Tom Reeg, Chief Executive Officer
This is a unique project, as it can be absorbed into a property that yields higher room rates and spending. We can see substantial returns from this investment due to improved product offerings. We will also enhance our food and beverage presence and look for additional ROI without needing substantial capital beyond our historical spending. We believe in our ability to leverage these opportunities for growth and satisfaction. We're keen on implementing these projects to maintain and enhance our strong market position.
Shaun Kelley, Analyst
Hi, good afternoon. I wanted to run a corporate finance question by you. Given the $12.50 free cash flow prediction translating to about a 28% yield, could you discuss when it might be appropriate to shift strategies from paying down debt to perhaps buying back stock?
Tom Reeg, Chief Executive Officer
That's an important question, Shaun. While we want to maintain our focus on deleveraging, we recognize that there will be a point where it makes sense to return capital as part of that free cash flow narrative. I would project this possibility around 2024—at a stage where we see our leverage in a comfortable zone while maintaining an opportunity to grow our investors' returns.
John DeCree, Analyst
Hi, everyone. Thanks for taking my question. Can you provide more clarity on the planned product enhancements with the iGaming app? What will these adjustments enable specifically to generate incremental revenue?

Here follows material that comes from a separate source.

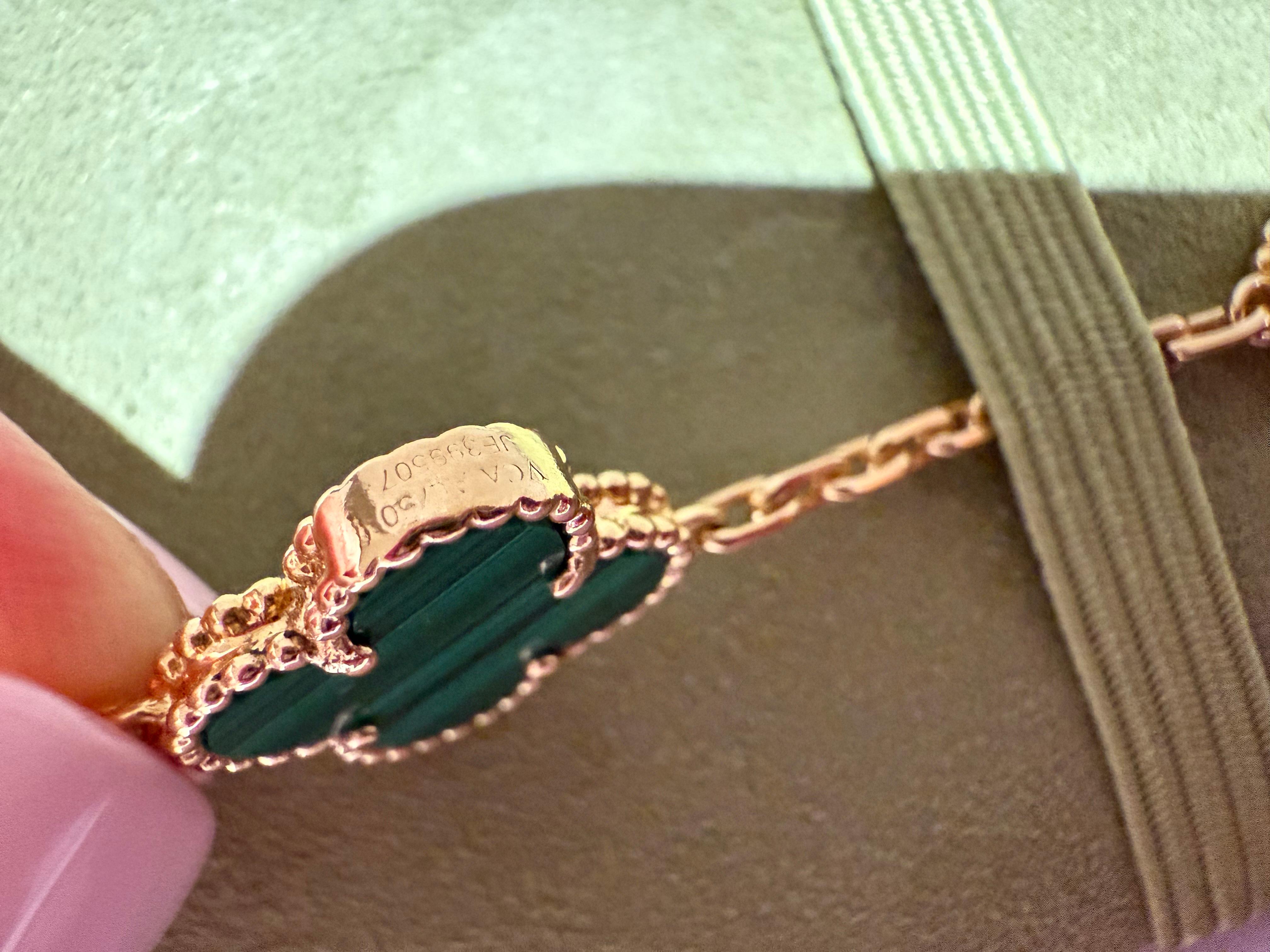 Women's or Men's Van Cleef & Arpels Vintage Alhambra bracelet malachite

Eric Hession, President, Caesars Sports & Online Gaming
Certainly. Currently, our app directs customers towards the Sportsbook first, making it challenging for casino customers who primarily seek slots to find their preferred games. The new app will allow those customers direct access, enhancing their experience. This will also provide improved marketing capabilities and instant access to game content that will increase engagement. By focusing on casino games up front, we hope to attract more of our core customers who traditionally favor slots, translating to increased revenues.
David Katz, Analyst
With respect to the Las Vegas Strip, do you see the 3-legged stool for digital growth becoming stronger in the coming years, and can you provide visibility into how this could impact total rewards?
Tom Reeg, Chief Executive Officer
The digital performance and its connection with our total rewards program is critical. Previously, we estimated about $200 million generated externally through the digital segment contributing to brick-and-mortar efforts, and now, it's clear this figure has surpassed and is showing continued growth. We recognize the significance of this relationship as we enhance both traditional and digital businesses. With that, I'm going to let everybody go. Thanks for your time and attention. We'll talk to you next quarter.
Operator, Operator
Thank you. This concludes today's conference call. Thank you for participating. You may now disconnect.